Office of profit under Indian Constitution
The term office of profit has not been defined in the Constitution. But, articles 102 (1) and 191 (1) – which give effect to the concept of office of profit -- prescribe restrictions at the central and state level on lawmakers accepting government positions. Any violation attracts disqualification of MPs or MLAs, as the case may be.
According to Article 102 (1) (a), a person shall be disqualified as a member of Parliament for holding any office of profit under the government of India or the government of any state, “other than an office declared by Parliament by law not to disqualify its holder”. Article 191 (1) (a) has a similar provision for the members of state assemblies.
However, articles 102 and 191 clarify that “a person shall not be deemed to hold an office of profit under the government of India or the government of any state by reason only that he is a minister”.
Further, the last part of the two provisions protects a lawmaker holding a government position if the office has been made immune to disqualification by law.
Office of profit under NCT Act, 1991
Section 15(1)(a) of the government of national capital territory of Delhi act, 1991, says “a person shall be disqualified for being chosen as, and for being, a member of the legislative assembly if he holds any office of profit” under the government of India, a state or a union territory” other than an office protected by law.
Like articles 102 (1) and 191(1), Section 15(2) of the NCT act also protects ministers at the Centre, in states or union territories from disqualification. Section 15(3) of the NCT act says in case of a dispute over disqualification of an MLA, the matter would be referred to the President, whose decision would be final.
But, before deciding on a petition seeking disqualification, the President, says the NCT act, has to get the opinion of the election commission which is binding on him.
Financial benefit not necessary
What is important is that an office of profit does not necessarily mean financial benefits. Even an administrative position without any financial entitlements can fall foul of this law.
In Guru Gobind Basu vs Sankari Prasad Ghosal & others, the Supreme Court ruled in 1964 that the test for determining whether a person holds an office of profit is the test of appointment. Several factors such as appointing authority, the authority vested with the power to terminate the appointment, the authority that determines the remuneration, the source of remuneration and the power that comes with the position have to be considered.
The Parliament (prevention of disqualification) act, 1959 declares that certain offices of profit under shall not disqualify their holders. The act has been amended several times to exempt holders of various offices from the mischief of the office of profit law.
Sonia Gandhi’s case
Sonia Gandhi, a member of Lok Sabha, was appointed the chairperson of national advisory council by the UPA 1 government. After the issue of office of profit was raised, she quit as an MP and sought re-election. The prevention of disqualification act was amended in 2006 to add the position of NAC chairperson to the list of exempted posts.

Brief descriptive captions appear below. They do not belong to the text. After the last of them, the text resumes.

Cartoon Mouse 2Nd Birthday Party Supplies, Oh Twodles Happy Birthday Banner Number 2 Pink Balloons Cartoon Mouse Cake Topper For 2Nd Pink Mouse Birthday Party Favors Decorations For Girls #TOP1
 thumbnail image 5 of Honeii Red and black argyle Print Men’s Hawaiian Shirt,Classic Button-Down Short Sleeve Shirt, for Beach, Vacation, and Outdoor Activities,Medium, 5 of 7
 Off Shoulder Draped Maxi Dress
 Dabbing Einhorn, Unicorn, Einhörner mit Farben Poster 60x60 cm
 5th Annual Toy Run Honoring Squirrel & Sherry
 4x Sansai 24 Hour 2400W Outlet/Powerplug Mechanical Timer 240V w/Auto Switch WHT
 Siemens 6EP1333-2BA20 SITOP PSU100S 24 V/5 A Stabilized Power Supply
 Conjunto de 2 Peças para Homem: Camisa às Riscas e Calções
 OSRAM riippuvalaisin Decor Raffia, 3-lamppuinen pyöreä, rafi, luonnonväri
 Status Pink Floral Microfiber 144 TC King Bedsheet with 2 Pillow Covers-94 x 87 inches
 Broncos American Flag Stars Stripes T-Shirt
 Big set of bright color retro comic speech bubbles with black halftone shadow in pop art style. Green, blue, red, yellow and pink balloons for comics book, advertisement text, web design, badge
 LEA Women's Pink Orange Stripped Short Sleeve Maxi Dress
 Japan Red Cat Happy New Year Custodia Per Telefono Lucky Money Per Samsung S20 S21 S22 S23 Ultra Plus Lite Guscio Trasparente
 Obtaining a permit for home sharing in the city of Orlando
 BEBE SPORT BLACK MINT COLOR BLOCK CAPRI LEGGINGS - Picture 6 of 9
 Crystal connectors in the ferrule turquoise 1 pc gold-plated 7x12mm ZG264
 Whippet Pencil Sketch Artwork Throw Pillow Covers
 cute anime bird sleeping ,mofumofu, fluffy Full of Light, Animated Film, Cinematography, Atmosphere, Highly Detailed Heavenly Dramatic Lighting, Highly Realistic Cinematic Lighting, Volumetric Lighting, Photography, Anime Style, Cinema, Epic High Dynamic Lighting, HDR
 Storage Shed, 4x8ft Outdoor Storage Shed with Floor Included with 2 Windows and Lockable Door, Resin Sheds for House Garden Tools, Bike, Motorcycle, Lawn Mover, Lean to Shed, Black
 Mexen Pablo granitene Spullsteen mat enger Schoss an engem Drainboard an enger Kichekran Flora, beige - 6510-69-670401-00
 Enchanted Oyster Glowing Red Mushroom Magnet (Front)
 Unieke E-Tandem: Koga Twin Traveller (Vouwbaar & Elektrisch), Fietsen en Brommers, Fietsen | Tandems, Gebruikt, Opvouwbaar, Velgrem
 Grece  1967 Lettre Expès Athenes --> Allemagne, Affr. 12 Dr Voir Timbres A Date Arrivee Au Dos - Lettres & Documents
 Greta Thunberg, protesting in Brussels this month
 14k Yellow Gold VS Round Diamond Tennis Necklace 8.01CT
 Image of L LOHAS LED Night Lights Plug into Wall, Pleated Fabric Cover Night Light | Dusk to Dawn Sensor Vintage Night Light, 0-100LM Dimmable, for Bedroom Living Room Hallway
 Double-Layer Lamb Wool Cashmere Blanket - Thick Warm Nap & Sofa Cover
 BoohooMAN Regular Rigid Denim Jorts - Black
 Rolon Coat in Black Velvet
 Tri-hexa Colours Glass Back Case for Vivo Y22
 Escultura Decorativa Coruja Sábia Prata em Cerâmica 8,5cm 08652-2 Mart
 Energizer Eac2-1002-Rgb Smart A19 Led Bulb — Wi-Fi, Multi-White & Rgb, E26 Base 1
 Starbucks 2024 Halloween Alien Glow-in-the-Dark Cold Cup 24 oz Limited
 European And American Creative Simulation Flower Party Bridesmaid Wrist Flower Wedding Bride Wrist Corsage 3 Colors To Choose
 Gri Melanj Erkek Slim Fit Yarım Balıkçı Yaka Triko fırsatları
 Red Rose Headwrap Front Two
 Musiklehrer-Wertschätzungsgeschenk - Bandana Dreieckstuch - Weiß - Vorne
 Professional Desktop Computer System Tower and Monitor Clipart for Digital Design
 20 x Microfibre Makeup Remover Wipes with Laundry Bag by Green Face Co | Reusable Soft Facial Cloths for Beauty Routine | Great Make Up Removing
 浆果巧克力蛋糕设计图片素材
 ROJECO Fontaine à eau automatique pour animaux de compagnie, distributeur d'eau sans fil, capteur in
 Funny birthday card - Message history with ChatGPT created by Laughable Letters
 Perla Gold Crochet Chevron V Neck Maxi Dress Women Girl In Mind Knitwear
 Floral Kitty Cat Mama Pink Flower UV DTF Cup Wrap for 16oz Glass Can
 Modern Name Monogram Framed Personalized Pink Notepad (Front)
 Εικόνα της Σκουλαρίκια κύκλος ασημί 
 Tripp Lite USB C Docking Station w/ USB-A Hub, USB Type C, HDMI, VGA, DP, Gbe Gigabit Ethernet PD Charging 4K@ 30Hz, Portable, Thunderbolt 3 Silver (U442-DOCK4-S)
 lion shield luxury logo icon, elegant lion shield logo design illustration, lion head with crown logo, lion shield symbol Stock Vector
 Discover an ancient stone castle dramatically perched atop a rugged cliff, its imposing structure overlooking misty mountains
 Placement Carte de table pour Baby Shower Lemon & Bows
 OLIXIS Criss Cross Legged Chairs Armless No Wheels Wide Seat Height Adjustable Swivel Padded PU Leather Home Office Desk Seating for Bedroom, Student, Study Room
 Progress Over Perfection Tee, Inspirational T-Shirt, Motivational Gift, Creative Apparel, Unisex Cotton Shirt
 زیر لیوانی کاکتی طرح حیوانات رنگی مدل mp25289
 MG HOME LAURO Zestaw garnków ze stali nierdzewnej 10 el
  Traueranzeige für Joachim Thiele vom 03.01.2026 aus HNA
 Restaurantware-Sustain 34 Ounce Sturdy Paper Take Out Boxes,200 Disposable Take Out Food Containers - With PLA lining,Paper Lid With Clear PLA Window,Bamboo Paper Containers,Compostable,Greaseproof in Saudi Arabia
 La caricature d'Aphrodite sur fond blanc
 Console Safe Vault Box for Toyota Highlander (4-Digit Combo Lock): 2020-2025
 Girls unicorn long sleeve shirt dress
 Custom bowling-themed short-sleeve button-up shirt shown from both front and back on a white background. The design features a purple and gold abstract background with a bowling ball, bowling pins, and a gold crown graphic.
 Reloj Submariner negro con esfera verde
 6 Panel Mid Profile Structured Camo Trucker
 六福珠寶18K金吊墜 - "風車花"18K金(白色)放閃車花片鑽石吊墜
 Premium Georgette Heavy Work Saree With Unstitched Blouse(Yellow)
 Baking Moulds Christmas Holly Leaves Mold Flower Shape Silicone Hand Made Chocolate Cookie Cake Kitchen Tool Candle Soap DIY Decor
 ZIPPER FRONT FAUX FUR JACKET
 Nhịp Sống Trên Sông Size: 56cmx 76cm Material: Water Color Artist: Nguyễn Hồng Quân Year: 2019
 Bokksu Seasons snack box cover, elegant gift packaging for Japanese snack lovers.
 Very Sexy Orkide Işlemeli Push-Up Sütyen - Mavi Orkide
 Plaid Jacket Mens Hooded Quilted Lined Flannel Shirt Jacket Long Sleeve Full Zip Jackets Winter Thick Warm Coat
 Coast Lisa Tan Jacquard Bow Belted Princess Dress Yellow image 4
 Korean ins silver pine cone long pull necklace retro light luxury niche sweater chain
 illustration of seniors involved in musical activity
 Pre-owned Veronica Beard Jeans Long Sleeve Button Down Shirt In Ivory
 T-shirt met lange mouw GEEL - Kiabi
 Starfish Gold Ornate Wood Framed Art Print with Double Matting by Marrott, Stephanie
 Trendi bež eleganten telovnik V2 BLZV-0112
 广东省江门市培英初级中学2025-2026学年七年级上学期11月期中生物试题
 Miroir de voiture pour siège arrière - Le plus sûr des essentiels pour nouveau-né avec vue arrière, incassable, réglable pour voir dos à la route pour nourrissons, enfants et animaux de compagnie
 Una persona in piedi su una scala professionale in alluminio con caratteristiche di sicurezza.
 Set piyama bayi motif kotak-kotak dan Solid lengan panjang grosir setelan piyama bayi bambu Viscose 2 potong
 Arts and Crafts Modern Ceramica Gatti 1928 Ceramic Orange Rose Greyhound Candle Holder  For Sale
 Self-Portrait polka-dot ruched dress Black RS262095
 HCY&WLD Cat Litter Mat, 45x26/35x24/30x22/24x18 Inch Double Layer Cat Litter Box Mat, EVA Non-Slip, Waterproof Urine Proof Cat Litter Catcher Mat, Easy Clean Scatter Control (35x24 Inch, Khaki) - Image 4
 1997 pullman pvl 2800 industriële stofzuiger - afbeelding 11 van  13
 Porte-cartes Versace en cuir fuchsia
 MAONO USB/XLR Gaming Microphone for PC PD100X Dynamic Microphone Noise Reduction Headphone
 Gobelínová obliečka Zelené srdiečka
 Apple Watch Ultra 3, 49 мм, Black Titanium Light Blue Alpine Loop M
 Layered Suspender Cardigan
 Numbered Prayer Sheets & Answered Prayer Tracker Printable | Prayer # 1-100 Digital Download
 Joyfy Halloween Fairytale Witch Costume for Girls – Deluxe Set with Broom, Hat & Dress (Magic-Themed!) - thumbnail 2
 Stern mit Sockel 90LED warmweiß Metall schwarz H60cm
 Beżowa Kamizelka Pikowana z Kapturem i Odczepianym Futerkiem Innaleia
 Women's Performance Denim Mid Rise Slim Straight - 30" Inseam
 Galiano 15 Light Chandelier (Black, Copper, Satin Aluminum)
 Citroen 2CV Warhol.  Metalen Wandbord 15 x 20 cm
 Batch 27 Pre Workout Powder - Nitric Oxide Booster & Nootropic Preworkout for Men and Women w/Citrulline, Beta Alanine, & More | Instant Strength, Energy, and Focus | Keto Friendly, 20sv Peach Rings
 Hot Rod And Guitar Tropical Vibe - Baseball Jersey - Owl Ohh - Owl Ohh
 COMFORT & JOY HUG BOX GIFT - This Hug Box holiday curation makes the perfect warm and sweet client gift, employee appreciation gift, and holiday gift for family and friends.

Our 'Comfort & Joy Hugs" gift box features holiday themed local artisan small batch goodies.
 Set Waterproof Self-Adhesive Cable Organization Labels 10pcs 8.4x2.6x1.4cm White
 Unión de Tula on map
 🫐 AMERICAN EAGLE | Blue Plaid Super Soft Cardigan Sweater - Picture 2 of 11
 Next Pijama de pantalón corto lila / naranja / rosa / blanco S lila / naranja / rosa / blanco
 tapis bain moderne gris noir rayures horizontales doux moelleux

The then Speaker Somnath Chatterjee, too, faced disqualification but was saved by amending the act.
Samajwadi Party MP Jaya Bachachan lost her seat for holding the post of chairperson of the Uttar Pradesh Film Development Federation.
The act was again amended in 2013 to save the chairpersons of the national commission for the scheduled castes and national commission for the scheduled tribes from disqualification.
But, with the President turning down the Delhi assembly’s attempt to amend the law, the fate of 21 AAP MLAs hangs in balance.